Angelo a passé de longues heures à guetter le retour de Jeanne et il s’est précipité à la rencontre de sa fille dès qu’il a entendu le moteur de la voiture. Lorsqu’il a compris que Christelle n’était pas là, il est entré dans une fureur non contrôlée, accusant sa femme d’être trop compréhensive et la rendant responsable d’une situation qu’il ne cherchait même pas à élucider. Sa colère a précipité Jeanne dans un trou sans fond et pour la première fois, elle a dormi dans un autre lit que le leur. Ce qu’elle ne peut admettre c’est qu’il n’ait pas répondu à son besoin de tendresse et de bras protecteurs autour d’elle. Le voyage l’avait épuisée mentalement et physiquement et elle n’avait qu’un but : se retrouver en sécurité, chez elle, près de son mari. Lorsqu’elle s’est réveillée, elle a constaté qu’il n’était pas dans la maison et ce matin elle va à son cabinet avec la douloureuse certitude que sa vie ne présente plus d’intérêt, ni pour elle, ni pour les autres qui combleraient facilement le vide de sa disparition.Assise à son bureau, elle repense à son rêve de la nuit qui la laisse très perplexe.
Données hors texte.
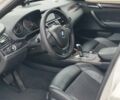 Белый БМВ Х3, объемом двигателя 2 л и пробегом 199 тыс. км за 17200 $, фото 12 на Automoto.ua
Elle, la spécialiste, ne comprend pas le message apparemment très clair qui lui est donné:

« Je suis à la cuisine, en train de manger avec Angelo. Quelqu’un ouvre la porte d’entrée et je me précipite pour voir qui arrive. C’est Christelle, elle est rayonnante. Je l’accueille avec effusion. A ma grande stupéfaction, je ne comprends pas un mot de son discours qui est incohérent. Je la regarde avec effarement et me précipite vers Angelo en criant: “Elle délire, elle délire!” Il me rassure en me déclarant que ce n’est pas grave.”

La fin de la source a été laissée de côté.